Sunday, March 21, 2010

Grey Borders Reading Series #23...

Grey Borders Reading Series #23...
is proud to present

Christian Bök

CCMC – featuring Paul Dutton, Michael Snow, and John Oswald
screenings of Paul-Émile Borduas (1962) and Artist in Montreal (1954)

and (as if that weren’t enough to blow the roof off) the launch of a new, double issue of

PRECIPICe, Niagara’s literary magazine.

Thursday 1 April 2009 7:00 pm
No Cover, Licensed

The Niagara Artists’ Centre
354 St. Paul Street, St. Catharines
905.641.0331

Thanks to the Humanities Research Institute of Brock University for their generous support.

Please join us for this very special event.

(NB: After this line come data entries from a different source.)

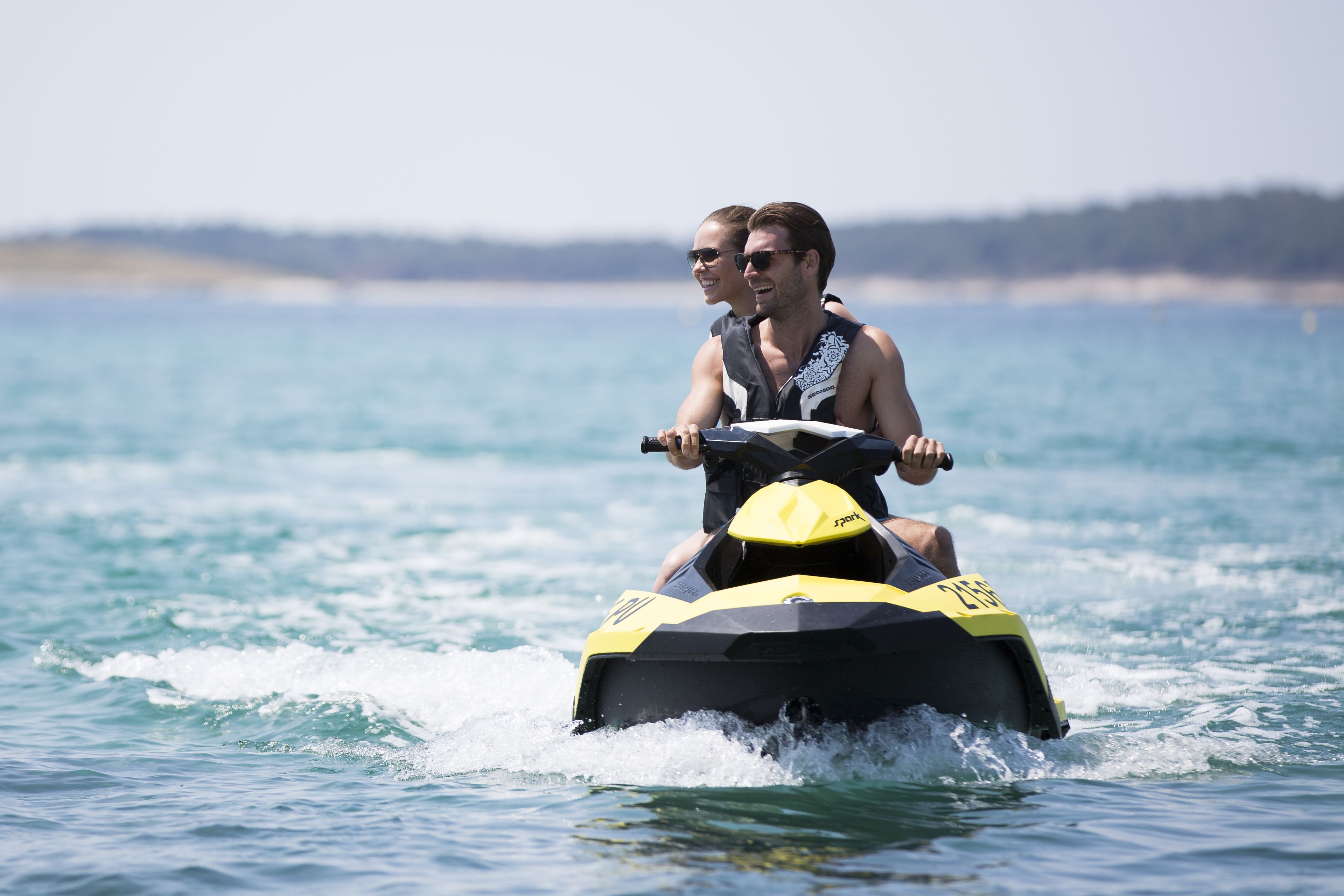 Dos personas paseando en un jet ski sobre el agua.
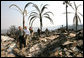 President George W. Bush is followed by Congressman Brian Bilbray as he tours a fire-ravaged neighborhood in Rancho Bernardo, California Thursday, Oct. 25, 2007. The President spent the day touring the Southern California region that has been victim to Santa Ana wind-fed wildfires since Sunday. White House photo by Eric Draper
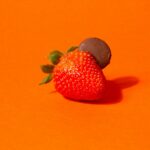 a close up of a strawberry on an orange background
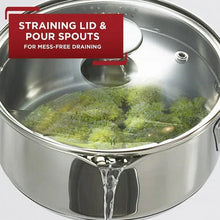 Stainless steel straining lid with pour spouts over a pot for draining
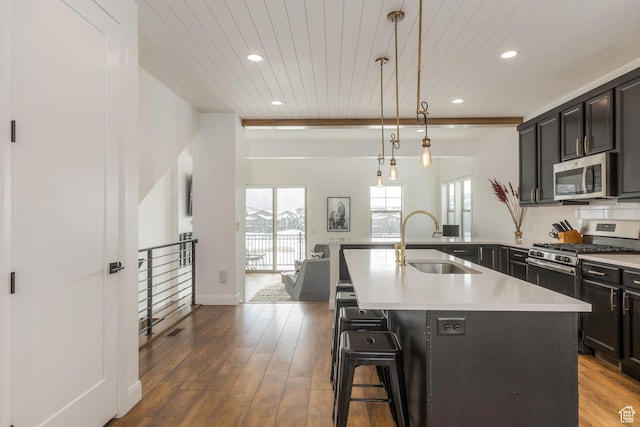 1052 W Cattail Ct Unit E1, Kamas, UT 84036 - kitchen with recessed lighting, a kitchen breakfast bar, stainless steel appliances, and a sink
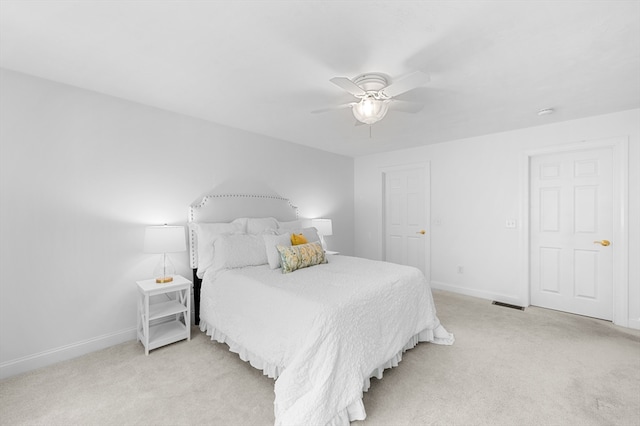 bedroom featuring light colored carpet, baseboards, and a ceiling fan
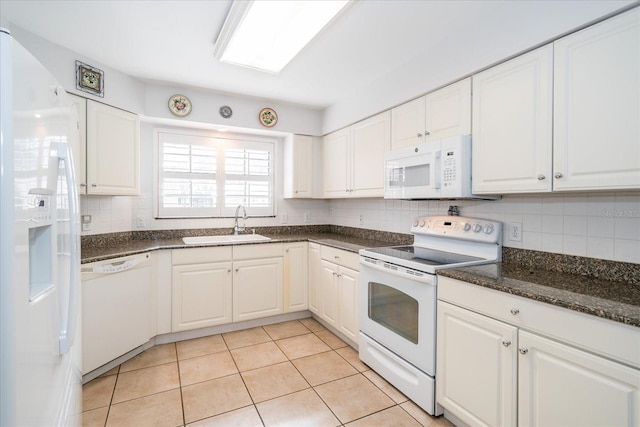 kitchen with white appliances, dark stone counters, sink, light tile patterned floors, and white cabinetry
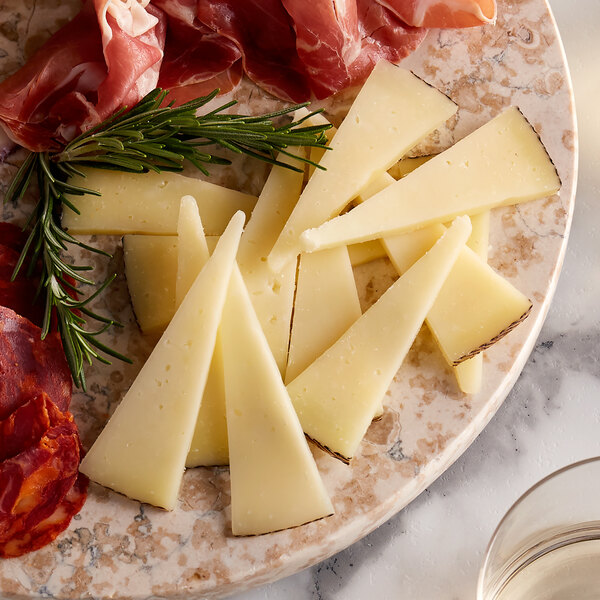 A plate with Manchego cheese, meat, and wine on a counter.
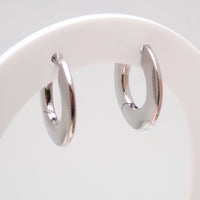 Silver titanium implant silhouette huggie earrings with hinged clicker closure, 10mm diameter, sold in pairs by Body Clickers.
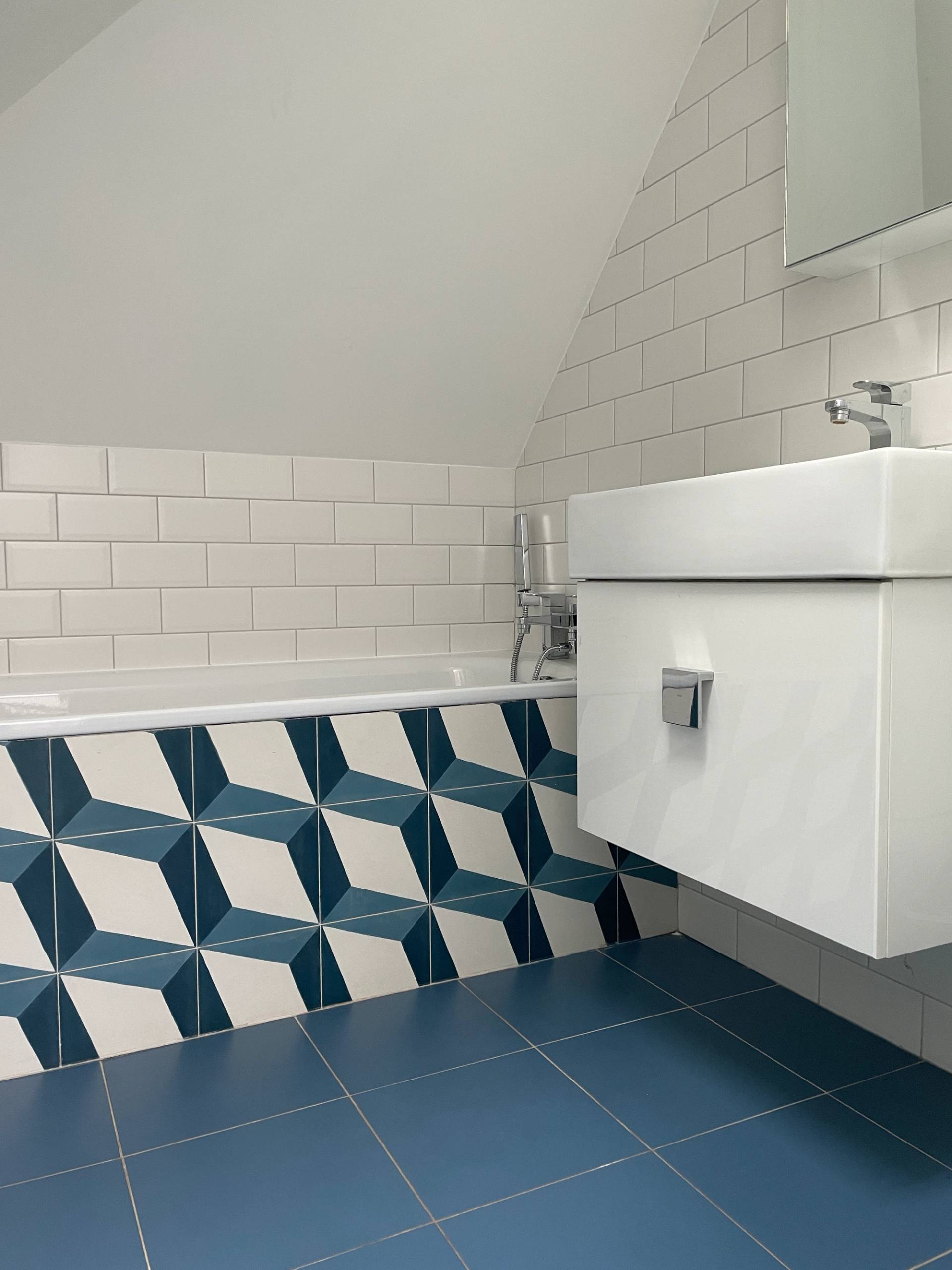Attic bathroom suite with blue geometric 3D cube wall tiles, white vanity sink, and white subway tiling, Love Locations Ealing Common.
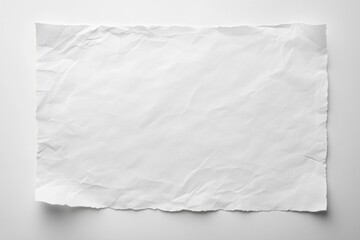 Obraz premium Crumpled white paper sheet, perfect for backgrounds, notes, or creative design projects.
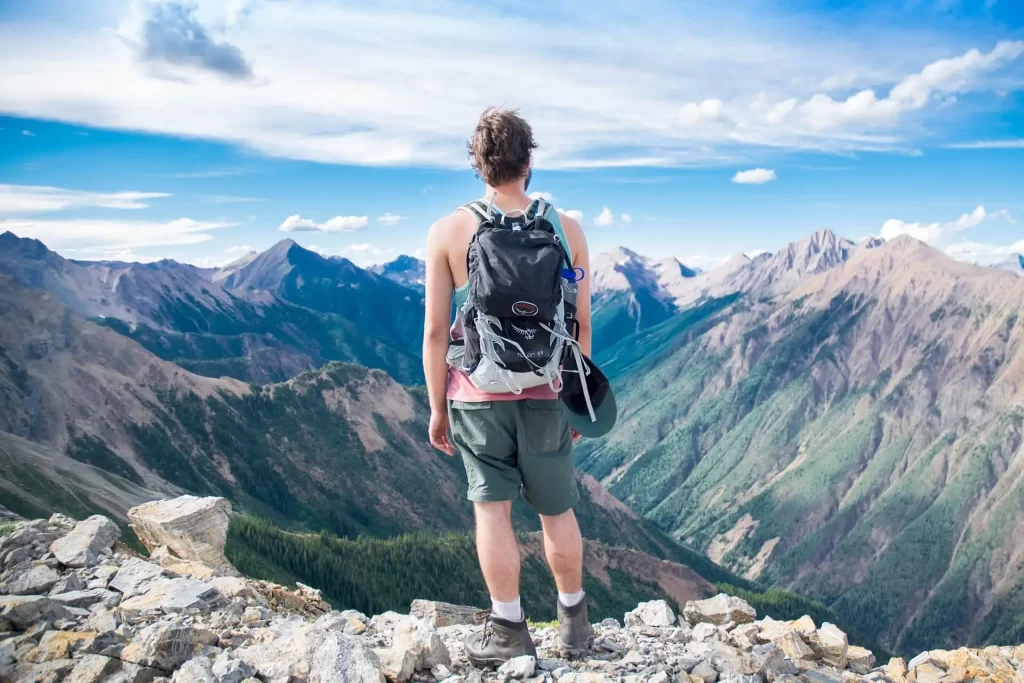 A young boy is looking towards the mountain with a camping backpack.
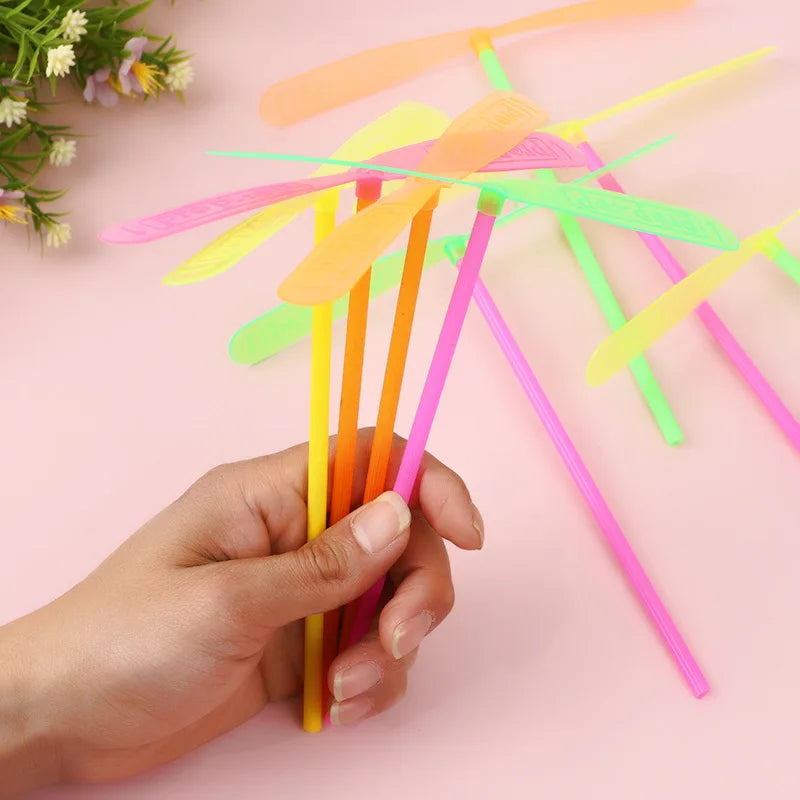 A hand holds a set of colorful bamboo dragonfly flying propeller toys against a pink background.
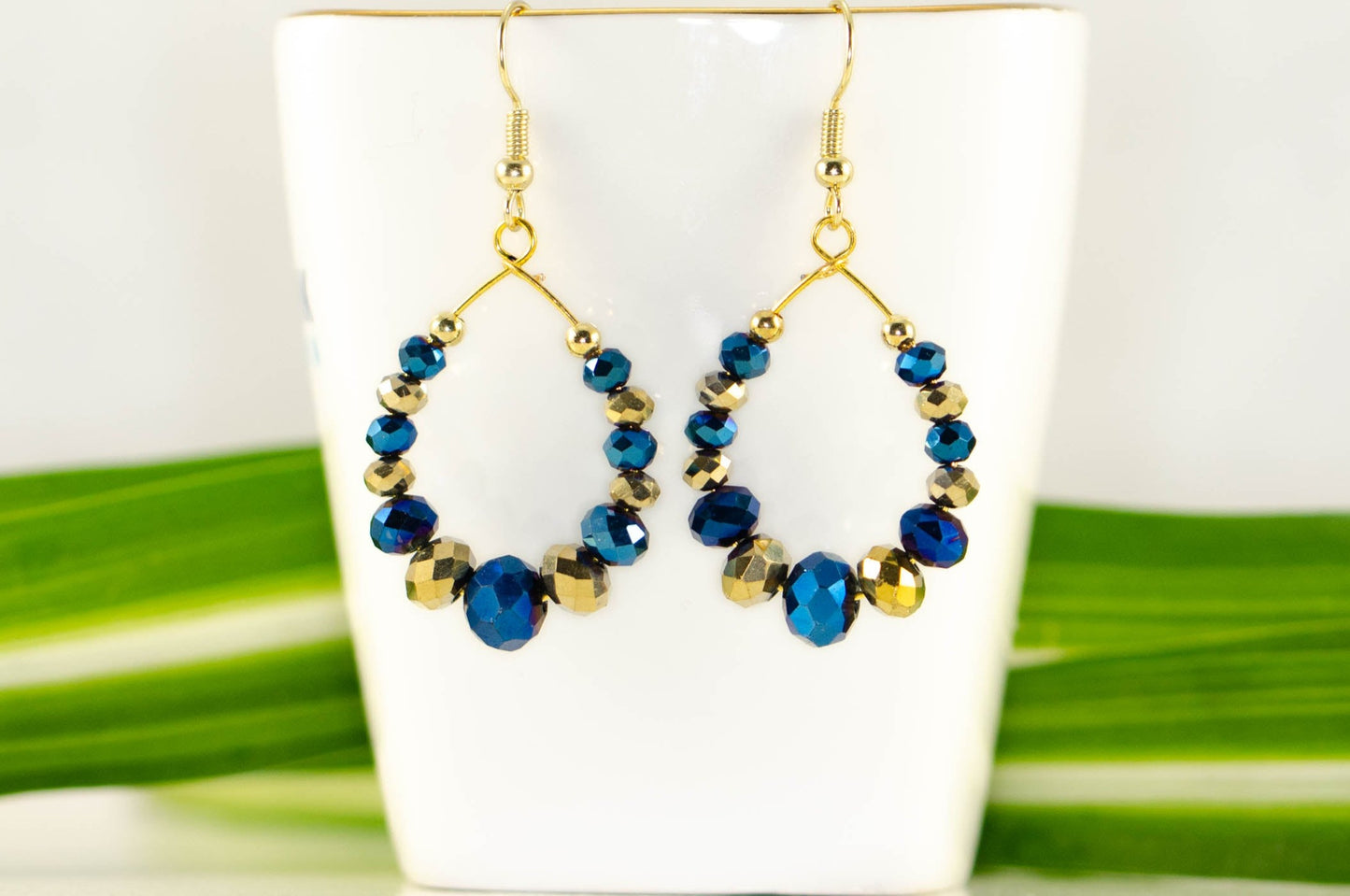Blue and Gold Glass Crystal Hoop Earrings displayed on a tea cup.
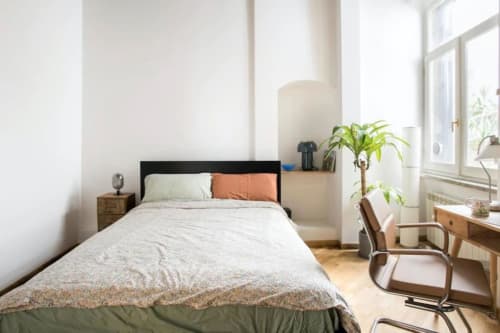 Camera luminosa in appartamento romano vicino a Campo de' Fiori con letto, scrivania, pianta e luce naturale dalle finestre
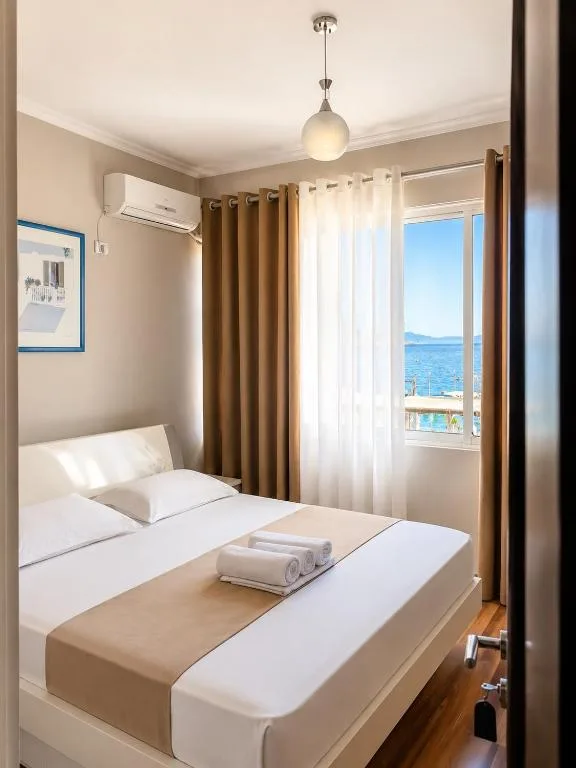 A double bed made up in white and beige beside a curtained window showing the sea, with a wall air-conditioning unit high on the side wall.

How to describe this event? Three ways: 1) it is going to be a great evening of performances featuring two acts that definite the cutting edge in Canadian linguistic and sonic acrobatics. 2) This evening we will be celebrating the launch of the new double issue of PRECIPICe, which is without doubt our best issue to date. Ever. And 3) This event is part of a series of events hitting St. Catharines in tribute to Françoise Sullivan of the Montréal Automatists. Our event features artists working in a field first ploughed in this country by the Automatists. See the attached posters for all the events. Do you really need more reasons to join in the fun?

These bios are not meant to be authoritative, but are intended to whet your interest that you might find out the truth behind these mere words. Go out and buy some books! Buy some CDs! Search the internet and let Google mislead you in all directions! Start here:

CCMC comprises Michael Snow (piano, synthesizer), John Oswald (alto sax), and Paul Dutton (mouth and mouth harp). The band has been cited as Canada's premier non-idiomatic improvisational ensemble, with tours to various parts of the country, to the U.S., and several European countries. See http://www.thecanadianencyclopedia.com/index.cfm?PgNm=TCE&Params=U1ARTU0000640 for more.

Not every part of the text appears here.